EXERCISE DESCRIPTION: Once the line containing "7752 Sandra Lane" is found in the data below, repeat it and every later line exactly, leaving the pictures out.

□ □ □

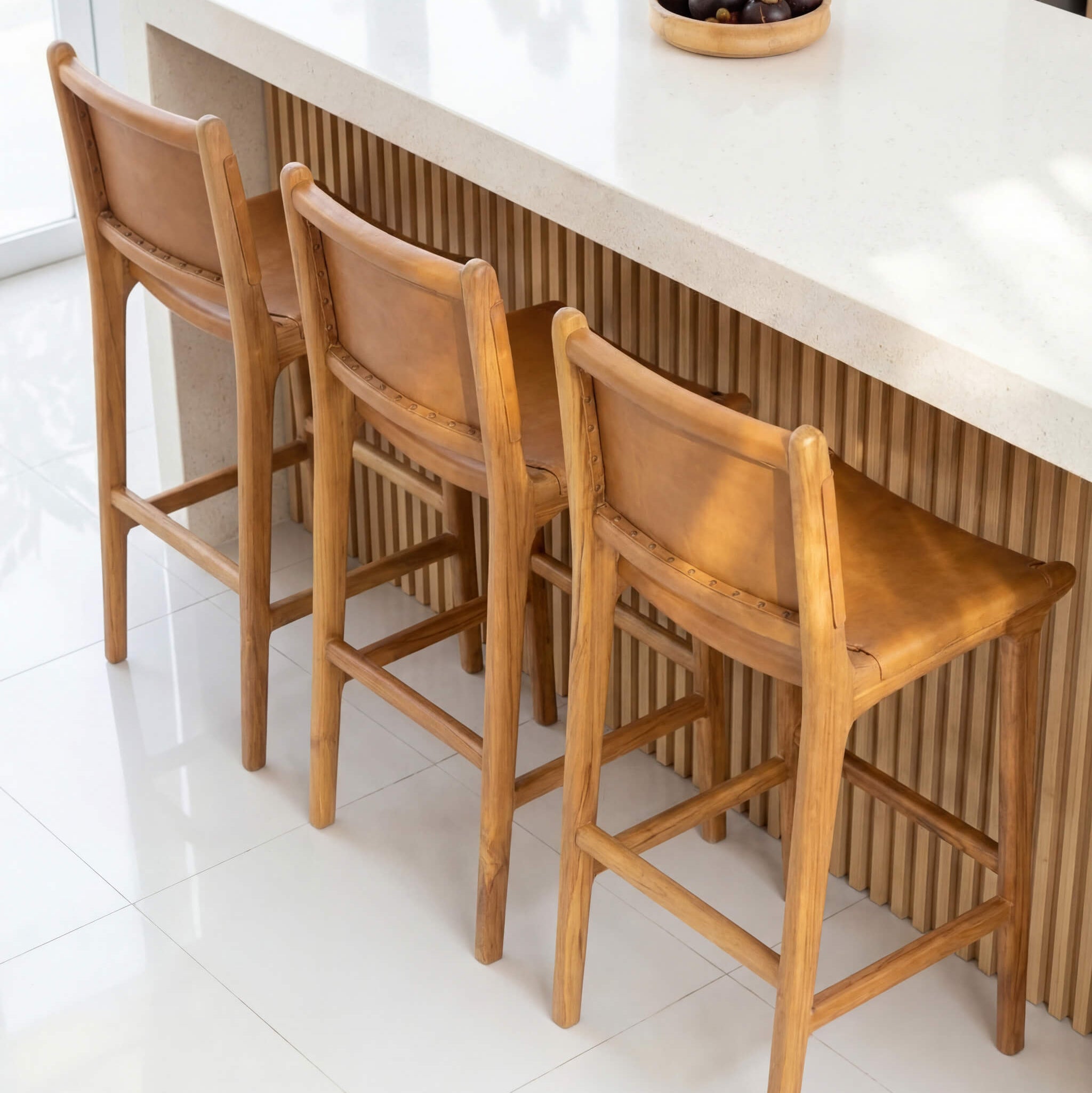 Three wooden bar stools in a kitchen setting with a white countertop.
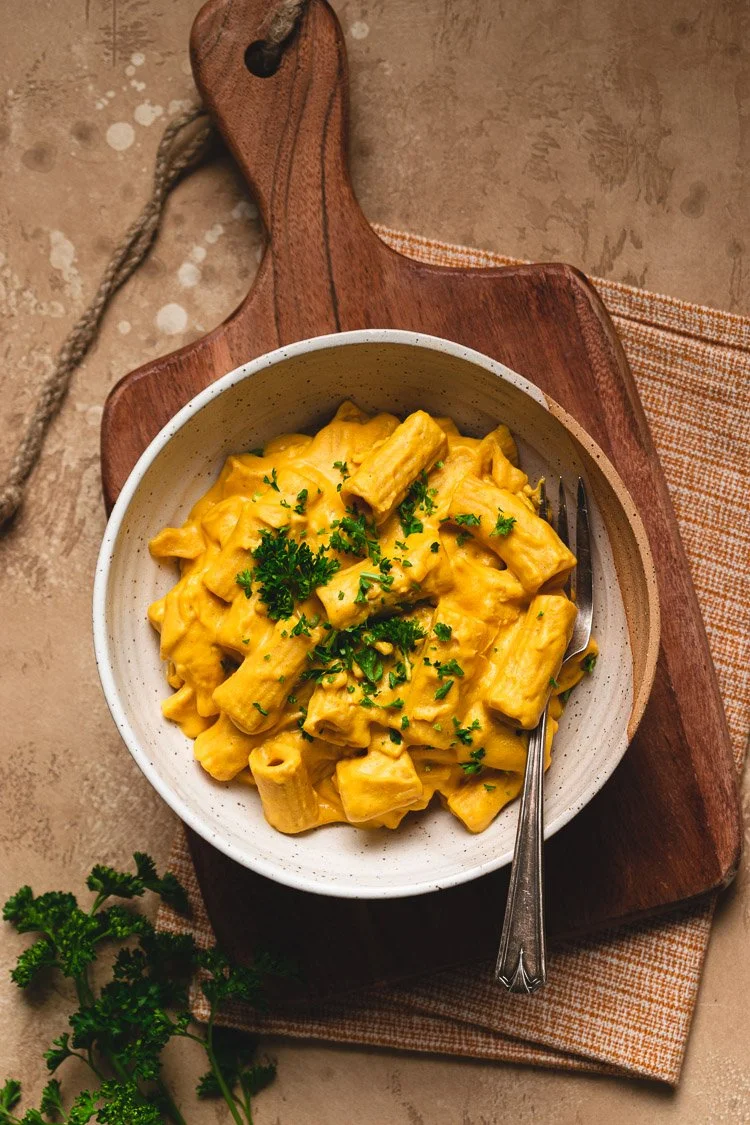 A bowl of creamy pasta with yellow cheese sauce, garnished with chopped parsley, on a wooden serving board with a fork.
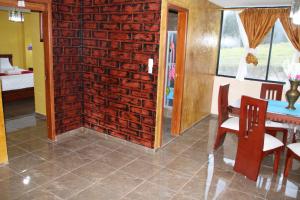Habitación con pared de ladrillo, mesa y sillas. en Hostal Flor de los Ángeles en Guamote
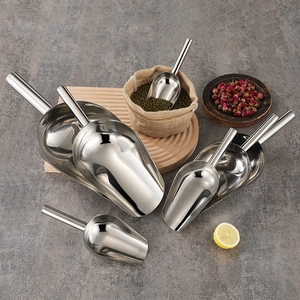 Set of seven stainless steel scoops for ice and grain on a rustic grey textured background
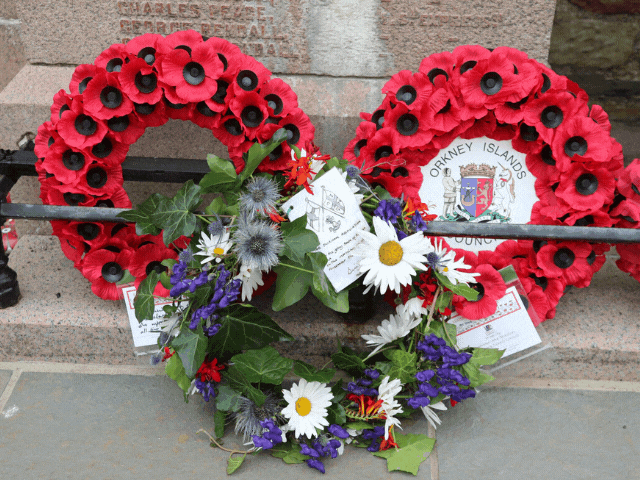 Rememberance day, red poppy heart with flowers in front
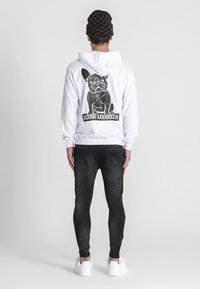 Biely kapucňový sveter s čiernou grafikou francúzskeho buldoga a textom "GIANNI KAVANAGH", spárovaný s čiernymi džínsami a bielymi teniskami.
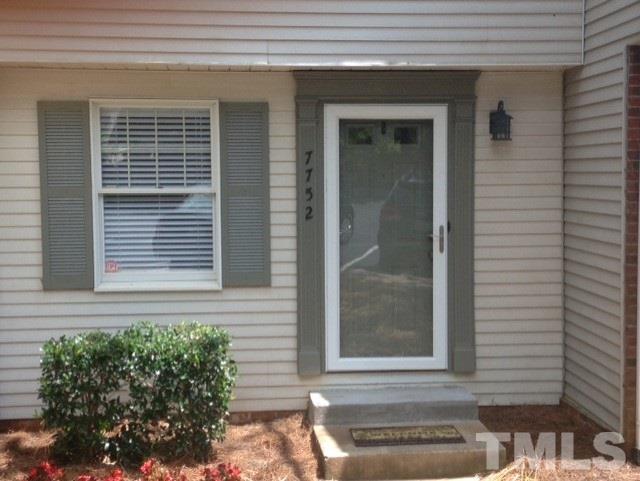 7752 Sandra Lane Raleigh, NC 27615 - Photo 1 of 6 a front view of a house with a window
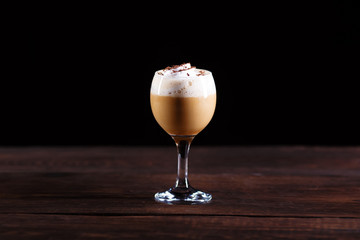 Vienna hot coffee with whipped cream in a glass, warming cozy drink, cafe or restaurant concept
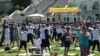 Yoga Practitioners Bring Mats to the Lawn of US Capitol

□ □ □

ANSWER BOX:
 7752 Sandra Lane Raleigh, NC 27615 - Photo 1 of 6 a front view of a house with a window
 Vienna hot coffee with whipped cream in a glass, warming cozy drink, cafe or restaurant concept
 Yoga Practitioners Bring Mats to the Lawn of US Capitol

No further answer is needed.